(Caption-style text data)
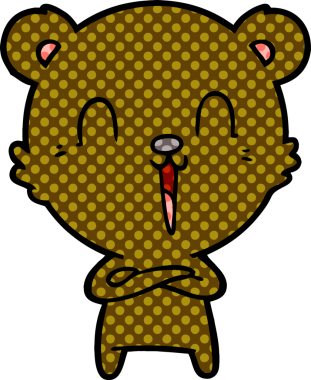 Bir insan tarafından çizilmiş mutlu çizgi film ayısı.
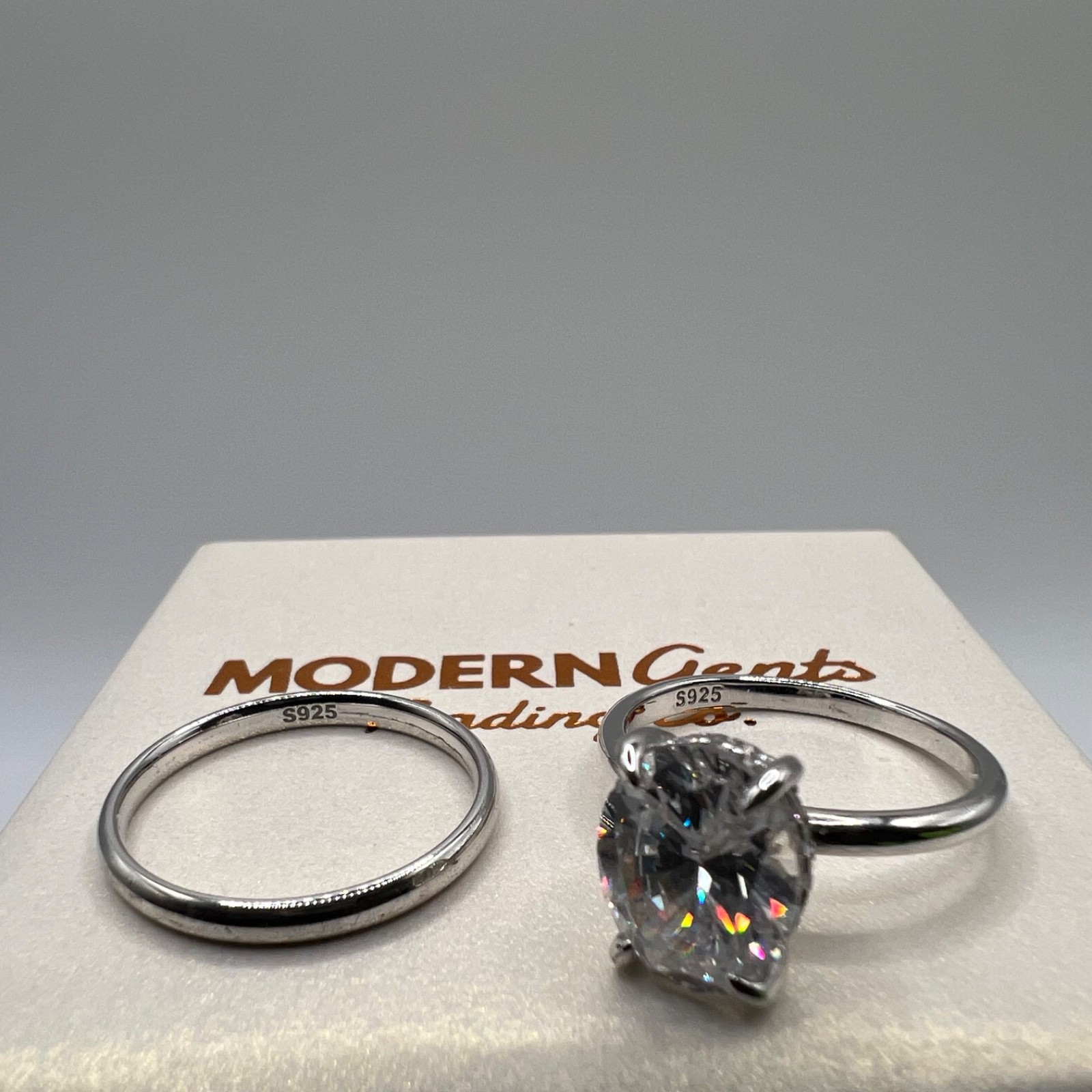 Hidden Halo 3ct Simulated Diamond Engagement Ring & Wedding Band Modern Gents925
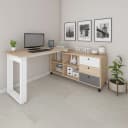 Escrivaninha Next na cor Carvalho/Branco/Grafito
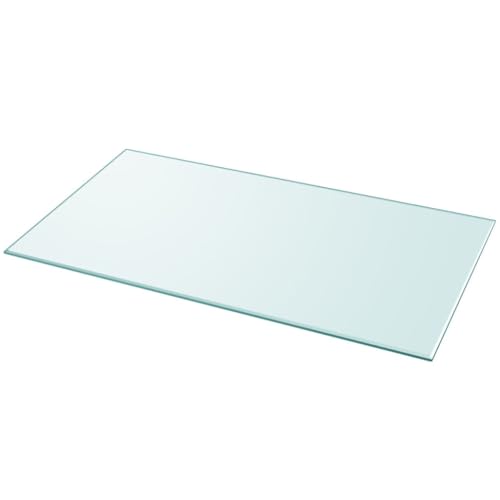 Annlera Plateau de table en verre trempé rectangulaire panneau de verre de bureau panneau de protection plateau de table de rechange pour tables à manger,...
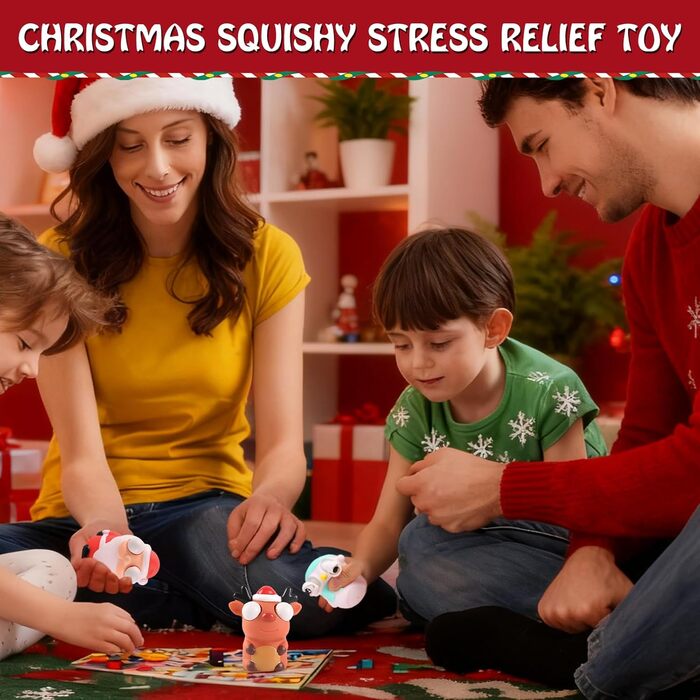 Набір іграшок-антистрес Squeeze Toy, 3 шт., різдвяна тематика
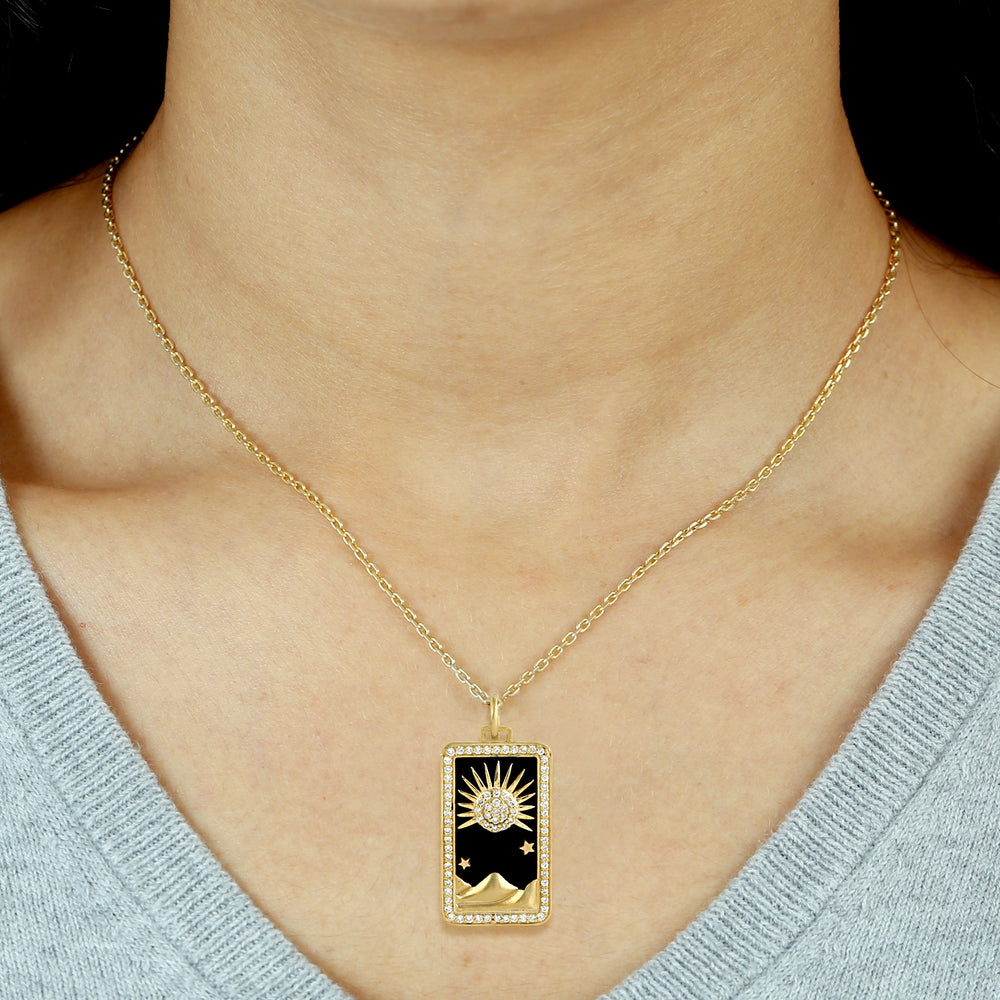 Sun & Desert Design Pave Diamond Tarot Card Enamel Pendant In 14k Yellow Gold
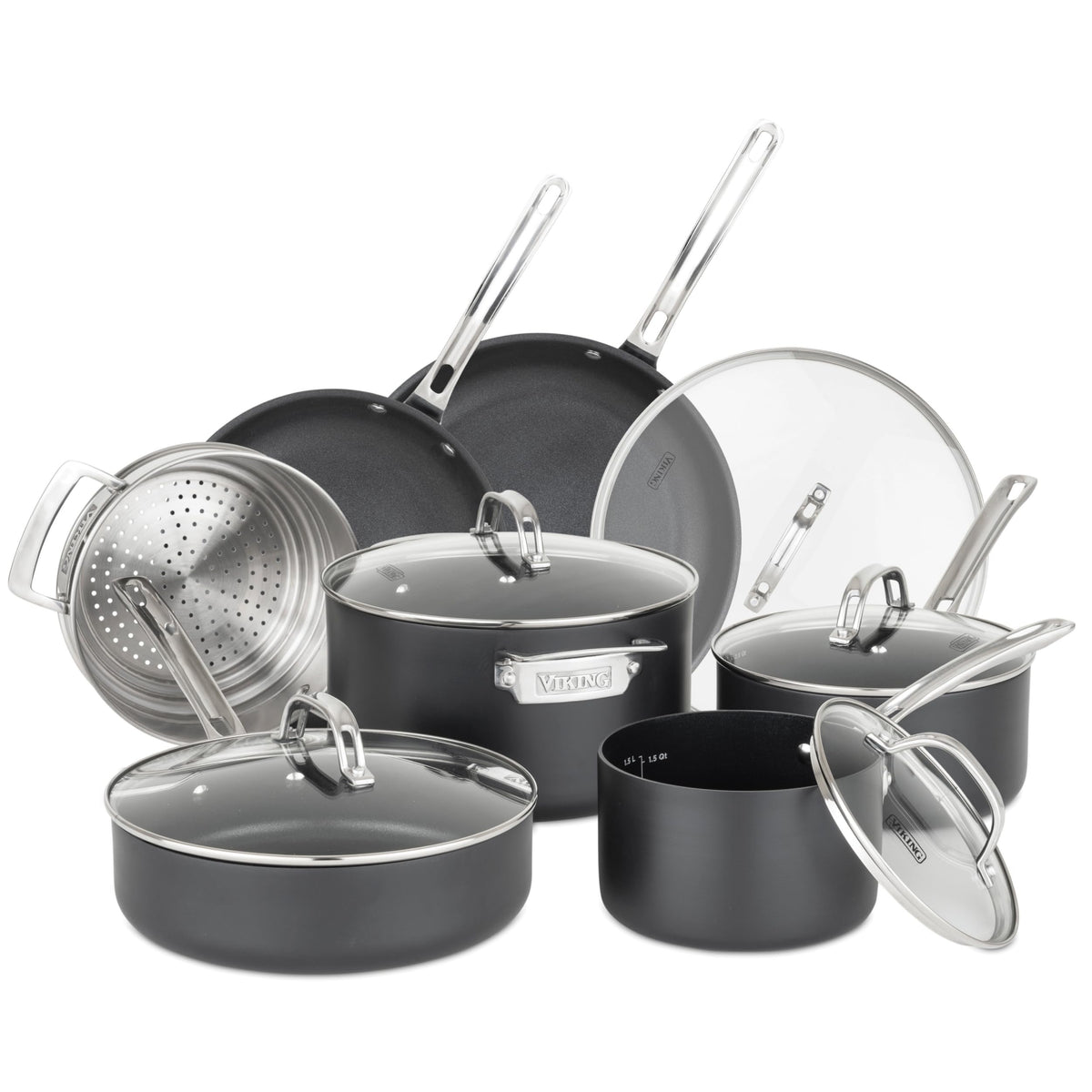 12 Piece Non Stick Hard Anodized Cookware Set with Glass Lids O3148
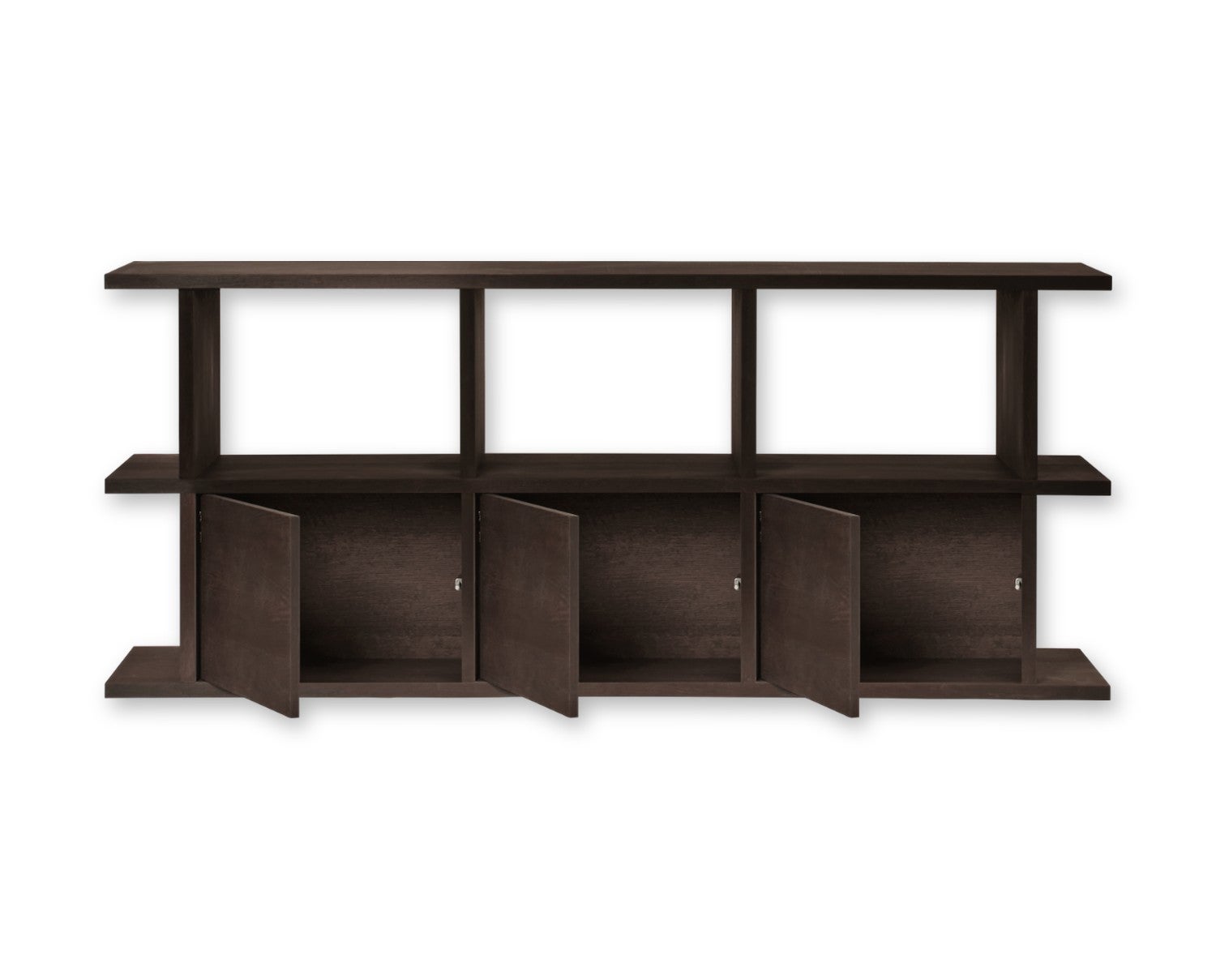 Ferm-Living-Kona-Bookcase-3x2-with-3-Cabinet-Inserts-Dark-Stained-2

● **Exercise requirements**: The range runs from the line containing "Sun & Desert" through the end of the entries; print those lines exactly and leave the pictures out.

● **Answer space**:
 Sun & Desert Design Pave Diamond Tarot Card Enamel Pendant In 14k Yellow Gold
 12 Piece Non Stick Hard Anodized Cookware Set with Glass Lids O3148
 Ferm-Living-Kona-Bookcase-3x2-with-3-Cabinet-Inserts-Dark-Stained-2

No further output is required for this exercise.